ANA Holdings expects a steeper full-year operating loss, as passenger revenues fell below target and fuel costs continue to increase.
It is the second operator in Japan - after Japan Airlines - to flag a steeper loss, as Japan’s international borders continue to remain largely shut.
The parent company of ANA forecasts a loss of Y175 billion ($1.36 billion) for the year to 31 March, compared to an earlier estimate of a Y125 billion loss.
It expects a 3.8% decline in revenues to Y1 trillion, which it attributes to international and domestic revenues being “lower than our estimates”. This was despite strong cargo revenue performance, says ANA Holdings.

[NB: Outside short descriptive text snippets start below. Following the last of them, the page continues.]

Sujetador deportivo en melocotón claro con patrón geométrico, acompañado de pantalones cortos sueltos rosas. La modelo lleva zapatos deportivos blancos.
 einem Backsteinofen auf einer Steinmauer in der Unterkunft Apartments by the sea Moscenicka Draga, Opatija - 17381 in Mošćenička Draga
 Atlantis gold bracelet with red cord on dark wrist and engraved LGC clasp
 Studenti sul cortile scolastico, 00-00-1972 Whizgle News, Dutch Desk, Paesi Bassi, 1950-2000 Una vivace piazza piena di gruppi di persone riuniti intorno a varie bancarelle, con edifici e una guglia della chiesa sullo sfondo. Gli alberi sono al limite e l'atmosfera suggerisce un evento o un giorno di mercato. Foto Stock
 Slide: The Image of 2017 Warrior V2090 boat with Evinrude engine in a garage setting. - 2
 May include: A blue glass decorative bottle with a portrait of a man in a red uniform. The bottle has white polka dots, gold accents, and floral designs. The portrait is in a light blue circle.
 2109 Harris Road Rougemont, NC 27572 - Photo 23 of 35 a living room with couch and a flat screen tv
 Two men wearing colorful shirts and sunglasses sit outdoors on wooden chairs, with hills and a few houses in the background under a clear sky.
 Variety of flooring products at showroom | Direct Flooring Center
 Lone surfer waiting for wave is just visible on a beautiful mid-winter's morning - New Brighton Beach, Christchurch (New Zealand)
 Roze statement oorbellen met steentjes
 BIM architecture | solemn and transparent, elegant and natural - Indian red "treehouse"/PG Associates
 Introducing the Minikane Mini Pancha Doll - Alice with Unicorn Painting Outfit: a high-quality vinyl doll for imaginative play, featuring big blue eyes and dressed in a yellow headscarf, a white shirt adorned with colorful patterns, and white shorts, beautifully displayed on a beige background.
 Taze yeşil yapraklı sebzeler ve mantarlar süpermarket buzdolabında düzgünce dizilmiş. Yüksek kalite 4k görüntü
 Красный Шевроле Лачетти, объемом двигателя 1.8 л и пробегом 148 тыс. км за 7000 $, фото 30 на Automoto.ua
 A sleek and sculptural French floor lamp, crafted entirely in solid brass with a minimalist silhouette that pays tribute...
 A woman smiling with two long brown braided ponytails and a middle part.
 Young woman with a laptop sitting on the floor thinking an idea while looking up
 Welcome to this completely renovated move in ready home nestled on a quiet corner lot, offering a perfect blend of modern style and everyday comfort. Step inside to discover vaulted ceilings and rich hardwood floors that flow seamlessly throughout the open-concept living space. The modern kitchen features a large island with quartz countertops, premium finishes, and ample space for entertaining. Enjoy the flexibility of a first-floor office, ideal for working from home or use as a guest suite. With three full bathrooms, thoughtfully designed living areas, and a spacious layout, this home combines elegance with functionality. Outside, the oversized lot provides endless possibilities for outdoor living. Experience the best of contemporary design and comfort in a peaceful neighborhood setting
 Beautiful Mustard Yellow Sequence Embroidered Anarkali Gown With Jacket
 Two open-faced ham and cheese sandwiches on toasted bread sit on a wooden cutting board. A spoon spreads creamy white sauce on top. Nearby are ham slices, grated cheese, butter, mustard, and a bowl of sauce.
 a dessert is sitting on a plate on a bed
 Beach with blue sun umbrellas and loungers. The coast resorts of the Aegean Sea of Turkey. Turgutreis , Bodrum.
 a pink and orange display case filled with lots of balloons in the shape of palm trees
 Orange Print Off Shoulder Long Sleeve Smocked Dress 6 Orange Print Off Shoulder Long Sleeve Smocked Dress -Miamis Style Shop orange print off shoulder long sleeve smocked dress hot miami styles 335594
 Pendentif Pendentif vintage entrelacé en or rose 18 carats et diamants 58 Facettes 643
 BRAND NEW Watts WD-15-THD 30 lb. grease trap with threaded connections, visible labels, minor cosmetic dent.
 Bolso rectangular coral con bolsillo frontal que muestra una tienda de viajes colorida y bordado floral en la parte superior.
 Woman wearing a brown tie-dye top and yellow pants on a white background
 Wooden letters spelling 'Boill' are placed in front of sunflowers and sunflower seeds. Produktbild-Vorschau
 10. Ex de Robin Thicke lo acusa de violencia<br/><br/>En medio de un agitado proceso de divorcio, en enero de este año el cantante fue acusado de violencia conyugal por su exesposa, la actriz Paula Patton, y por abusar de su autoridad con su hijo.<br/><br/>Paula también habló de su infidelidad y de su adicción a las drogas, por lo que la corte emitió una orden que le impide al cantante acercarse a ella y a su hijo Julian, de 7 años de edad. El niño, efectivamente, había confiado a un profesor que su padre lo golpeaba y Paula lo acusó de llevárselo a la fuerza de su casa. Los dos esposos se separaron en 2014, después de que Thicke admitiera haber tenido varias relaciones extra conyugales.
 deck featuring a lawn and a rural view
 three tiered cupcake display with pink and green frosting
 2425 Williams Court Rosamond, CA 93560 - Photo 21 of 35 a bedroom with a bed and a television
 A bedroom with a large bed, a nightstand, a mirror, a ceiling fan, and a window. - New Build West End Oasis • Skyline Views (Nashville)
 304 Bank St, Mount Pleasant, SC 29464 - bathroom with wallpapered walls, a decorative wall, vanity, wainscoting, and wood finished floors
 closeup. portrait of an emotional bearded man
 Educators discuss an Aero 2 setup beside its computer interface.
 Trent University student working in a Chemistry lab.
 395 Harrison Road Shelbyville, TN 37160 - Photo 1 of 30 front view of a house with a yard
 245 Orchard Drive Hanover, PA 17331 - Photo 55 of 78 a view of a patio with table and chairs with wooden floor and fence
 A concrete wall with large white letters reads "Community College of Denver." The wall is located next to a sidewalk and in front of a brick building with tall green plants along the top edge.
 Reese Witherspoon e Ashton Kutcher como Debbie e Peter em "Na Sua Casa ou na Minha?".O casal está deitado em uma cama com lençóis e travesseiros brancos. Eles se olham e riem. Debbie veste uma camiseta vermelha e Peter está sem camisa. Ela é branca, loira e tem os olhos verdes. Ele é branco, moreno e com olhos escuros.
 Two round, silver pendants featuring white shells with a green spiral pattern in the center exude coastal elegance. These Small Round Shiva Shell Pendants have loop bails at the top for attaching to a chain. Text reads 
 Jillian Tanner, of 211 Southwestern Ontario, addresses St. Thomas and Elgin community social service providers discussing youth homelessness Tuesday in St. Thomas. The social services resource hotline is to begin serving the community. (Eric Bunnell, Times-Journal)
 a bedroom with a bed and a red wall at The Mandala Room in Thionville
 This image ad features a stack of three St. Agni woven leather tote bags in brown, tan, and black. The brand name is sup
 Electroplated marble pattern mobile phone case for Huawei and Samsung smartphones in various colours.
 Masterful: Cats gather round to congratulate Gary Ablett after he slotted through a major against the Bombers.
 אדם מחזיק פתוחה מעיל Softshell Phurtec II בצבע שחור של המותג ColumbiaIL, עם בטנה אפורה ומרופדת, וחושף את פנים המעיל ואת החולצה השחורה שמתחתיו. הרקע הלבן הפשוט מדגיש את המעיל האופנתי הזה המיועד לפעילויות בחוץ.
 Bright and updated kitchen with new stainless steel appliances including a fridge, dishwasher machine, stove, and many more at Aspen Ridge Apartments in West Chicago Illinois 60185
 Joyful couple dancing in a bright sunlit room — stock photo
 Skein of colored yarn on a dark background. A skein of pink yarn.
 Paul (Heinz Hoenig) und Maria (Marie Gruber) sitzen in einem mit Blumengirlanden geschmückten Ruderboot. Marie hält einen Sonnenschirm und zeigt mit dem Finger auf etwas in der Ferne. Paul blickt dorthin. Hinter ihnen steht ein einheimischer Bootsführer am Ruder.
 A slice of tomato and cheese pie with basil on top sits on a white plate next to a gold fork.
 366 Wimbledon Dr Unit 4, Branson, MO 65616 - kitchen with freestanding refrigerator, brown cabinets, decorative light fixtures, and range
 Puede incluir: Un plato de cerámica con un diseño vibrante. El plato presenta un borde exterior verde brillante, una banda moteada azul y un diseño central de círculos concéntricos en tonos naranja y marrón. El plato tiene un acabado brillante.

It adds: “This is, with the spread of the Omicron variant of [the] coronavirus, due to the semi-emergency coronavirus prevention measures and the thorough border restrictions in Japan in the fourth quarter.”
“In terms of operating cost, due to the surging fuel price, we could not cover the decline of revenue in spite of our efforts to reduce…fixed cost,” states the company.
ANA Holdings’ forecast came days after compatriot JAL flagged a steeper loss for the 2021 financial year, with a full-year net loss of Y177 billion, compared to earlier estimates of Y146 billion.
JAL also lowered revenue forecast by 11% to Y682 billion, as it blames the spread of the Omicron variant of the coronavirus for a shortfall in demand, particularly in its domestic network.